After two barren, lonely years, it was not surprising that Delhi’s Kamani auditorium was packed to the rafters at the annual Vishnu Digambar music festival. But even then, the spontaneous roar of enthusiasm that greeted M Venkatesh Kumar was stunning.

The entire hall came to its feet in a standing ovation – and that was before the Hindustani vocalist sat down to start the concert. The applause wouldn’t die down, not even to let him begin. Scenes of adulation like this are mostly reserved for the icons of the instrumental scene. For a Hindustani khayal singer to electrify an audience with their sheer presence is rare.

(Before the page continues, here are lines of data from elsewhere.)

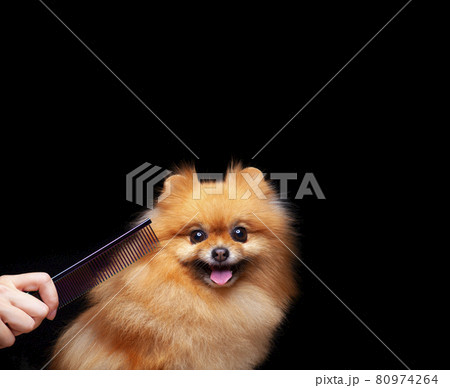 image of dog hairbrush hand dark background 80974264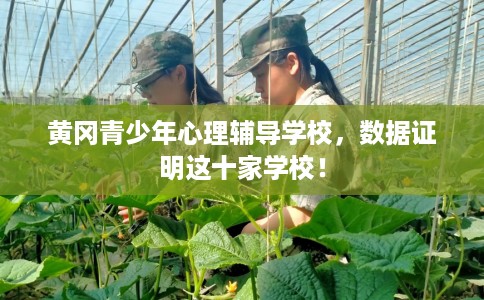 黄冈青少年心理辅导学校，数据证明这十家学校！
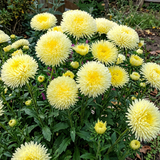 Lemon Yellow Needle Aster Seeds Annual Tall Yellow for Cut Flowers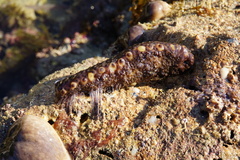 Holothuria sanctori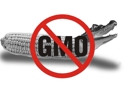 Поля області засіяли культурами без ГМО
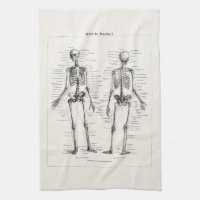 L'os humain squelettique vintage d'anatomie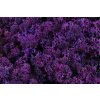 Sobí mech (polarmoss) 0,5 kg -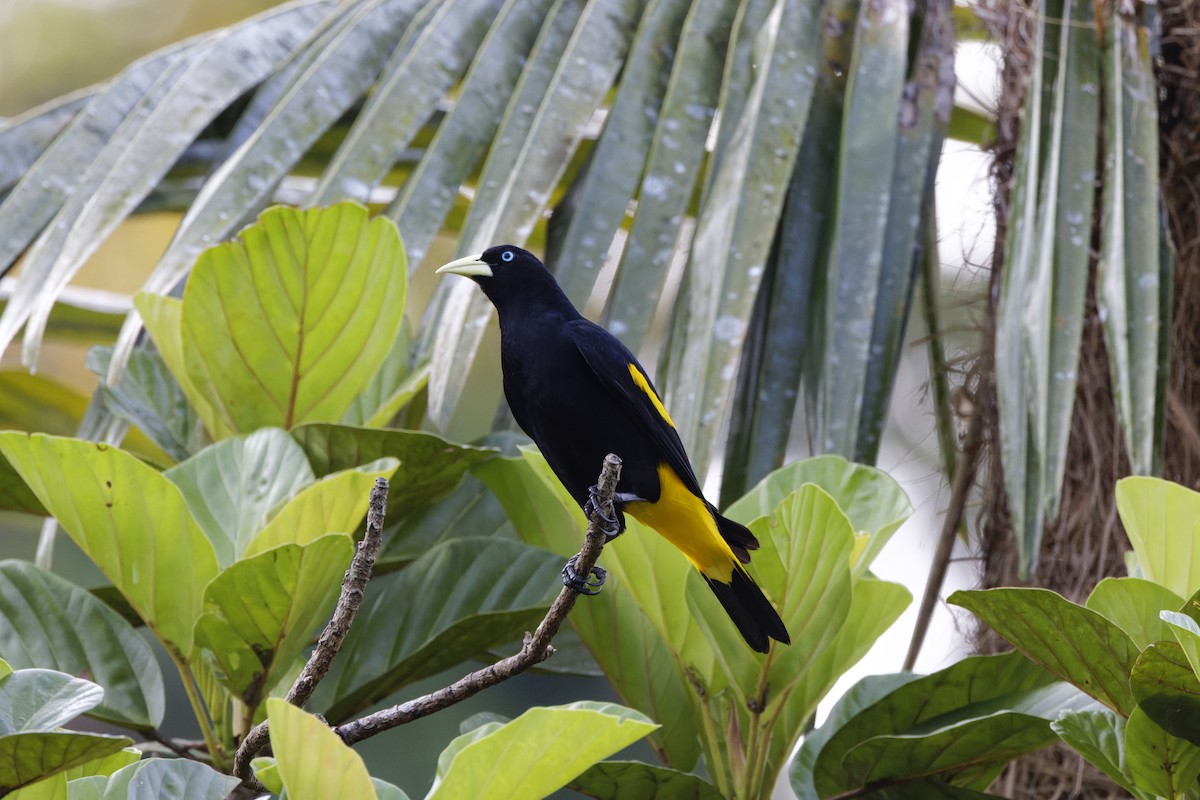 Yellow-rumped Cacique - ML620164474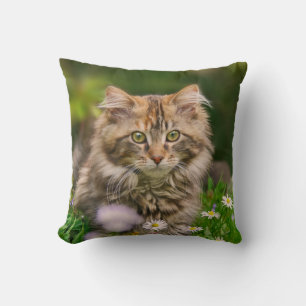 Den gulliga ängen för blomman för katten för den kudde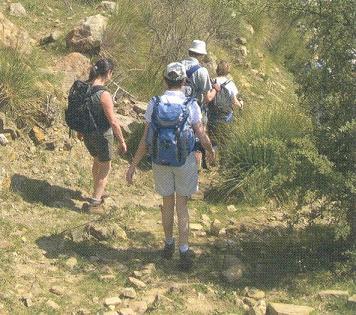 volontari del campo il primo giorno ancora sani e robusti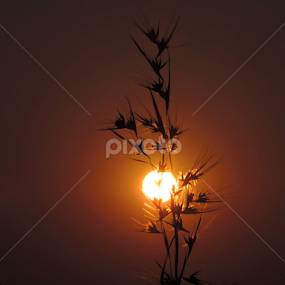 by Vaibhav Chavan - Nature Up Close Other Natural Objects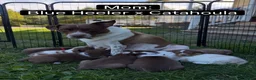 Mixed Breed dogs for sale: Purple - Ad 3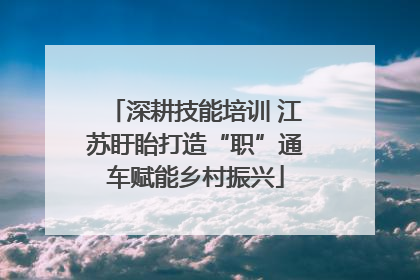 深耕技能培训 江苏盱眙打造“职”通车赋能乡村振兴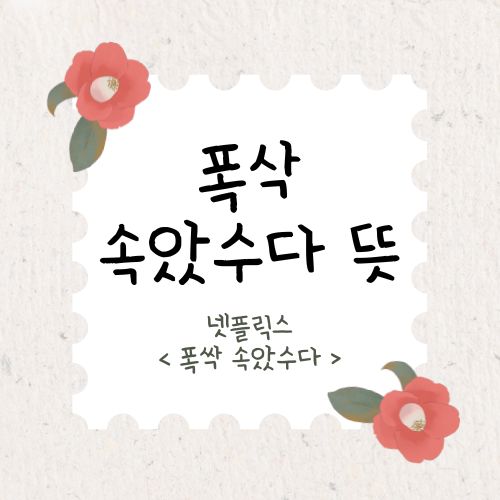 폭삭 속았수다 뜻 넷플릭스 드라마 폭싹 속았수다 등장인물 아이유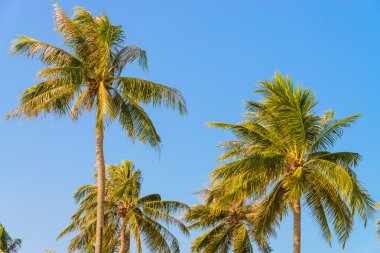 Mavi gökyüzünde palmiye ağacı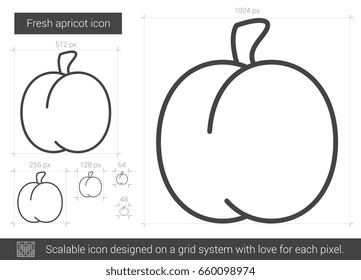 Fresh apricot vector line icon isolated on white background. Fresh apricot line icon for infographic, website or app. Scalable icon designed on a grid system.
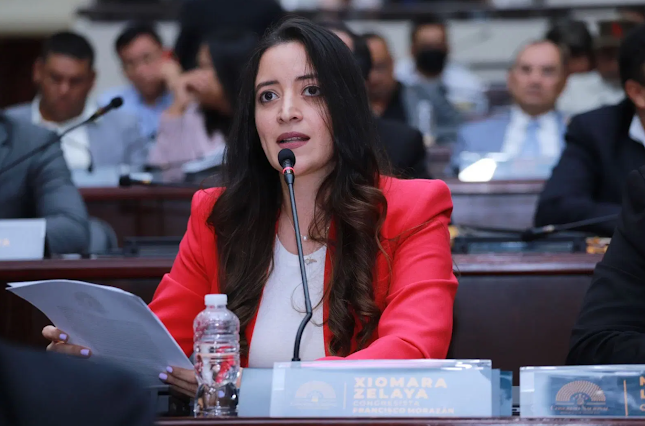 Xiomara Hortencia Zelaya, nominada para liderar el movimiento M28 de Libre tras la renuncia de Carlos Zelaya Captura de pantalla del sitio web Sufragio.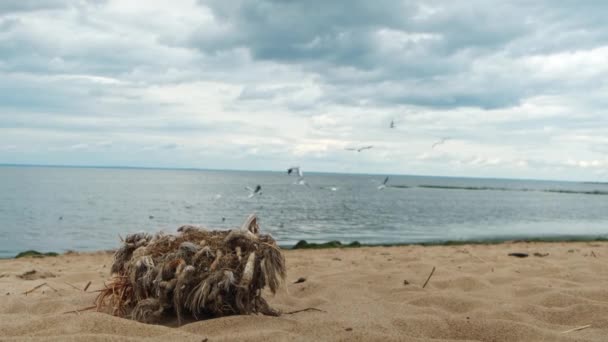 Oude boomstronk met droog gras en touwen omgeven door zand langs de rivier. Concept. Zeemeeuwen vliegen boven het meer met rimpelend water op blauwe bewolkte lucht achtergrond. — Stockvideo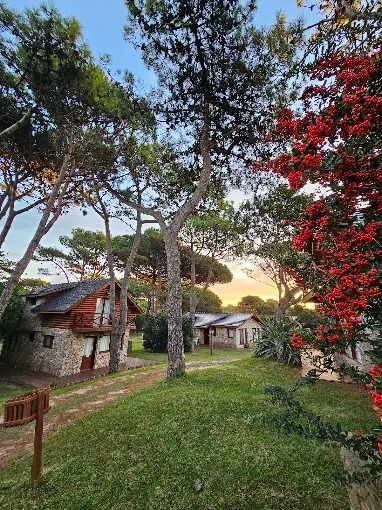 Casa en venta y alquiler 7 ambientes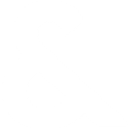 Ace logo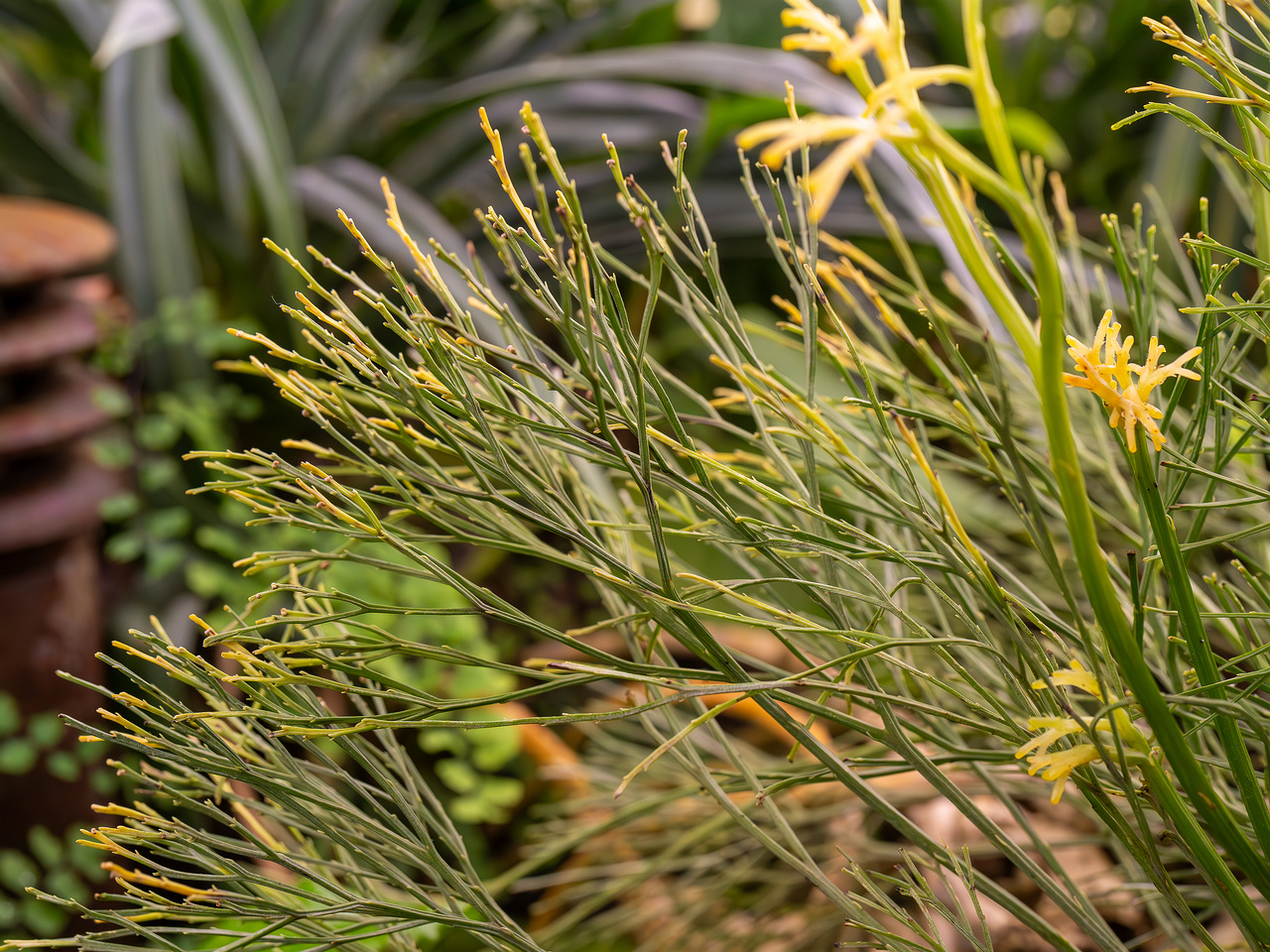 !botanical-garden-tropical-house-17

But here is the conundrum – no one could be less of a rock star than Kumar. The word used most often to describe him is humble. In a field full of temperamental geniuses, elephantine egos and insularity, he is an artiste of the people.

“I can’t think of a musician more deserving of this popularity and fame, every bit of it,” said Madhup Mudgal, Hindustani vocalist and principal, Gandharva Mahavidyalaya that hosts the Vishnu Digamber festival. “He has mettle, sur, immaculate tayyari (preparation) and more importantly, humility and simplicity.”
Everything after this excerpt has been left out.